Le pareció improvisado y ligero, y alude entre otros al contundente juicio de José Miguel Vivanco, director para las Américas de Human Rights Watch, pero no lo cita. Vivanco entiende que el proyecto tiene vacíos en derechos humanos al esconder un trato preferencial y de impunidad para los responsables de los falsos positivos, que el modelo da más valor a las actividades restaurativas que al monto de la condena, y que al modificar el principio de responsabilidad de mando, sean estos de las Farc o de la Fuerza Pública, no responderán por los crímenes de las personas que tienen a cargo.
Menciona un “agudo” editorial de The New York Times y el escepticismo del poderoso senador demócrata, Patrick Leahy, que interpretan como una ligereza las condiciones pactadas para juzgar y sancionar a los guerrilleros. Por último, cita al vicefiscal de la Corte Penal Internacional, CPI, James Stewart, quien dijo en la OEA que el aval a los acuerdos del Gobierno con las Farc dependerá de las sanciones que se impongan a los responsables de crímenes de guerra y violaciones del derecho internacional humanitario. The New York Times y el senador Leahy opinan sin distinguir entre los conceptos de justicia transicional y justicia penal, y olvidan de plano la existencia del modelo restaurativo, reduciendo el debate -como muchos en Colombia- al maximalismo o minimalismo de las penas.
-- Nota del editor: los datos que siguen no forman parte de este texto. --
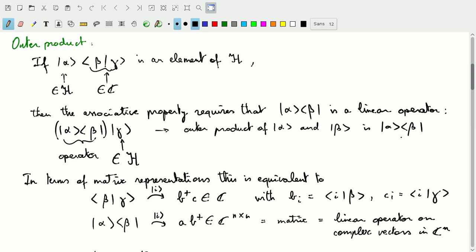In terms of matrix representations: the scalar product corresponds to the Hermitian conjugate of a vector multiplied with its vector, giving a single number. If we swap the orientations and multiply a column vector with a row vector, we end up with an n×n matrix, which is the matrix representation of a linear operator on complex vectors in C^n. This comparison between the matrix representation and the outer and inner product relationships all makes sense.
En 2002, el Consejo Económico y Social de las Naciones Unidas, al precisar los principios básicos sobre el uso de programas de justicia restaurativa en materia criminal, definió el modelo como “cualquier proceso en el cual la víctima y el ofensor, y cuando es apropiado otras personas o miembros de sus comunidades afectados por el delito, participan juntos activamente en la resolución de los problemas generados por el delito cometido”. El pasado 14 de enero decíamos que el acuerdo de La Habana se centra en restablecer la humanidad entre víctimas y victimarios, y por primera vez los afectados pueden discutir con los perpetradores qué debe hacerse para reparar el daño. Que una víctima pueda expresar libremente -en un ambiente seguro- el impacto que este ha tenido en su vida, y participar en la decisión acerca de cómo el ofensor deberá reparar el mal causado, no solo es justicia, sino que brinda la oportunidad de reintegrar a la víctima y al victimario a la sociedad.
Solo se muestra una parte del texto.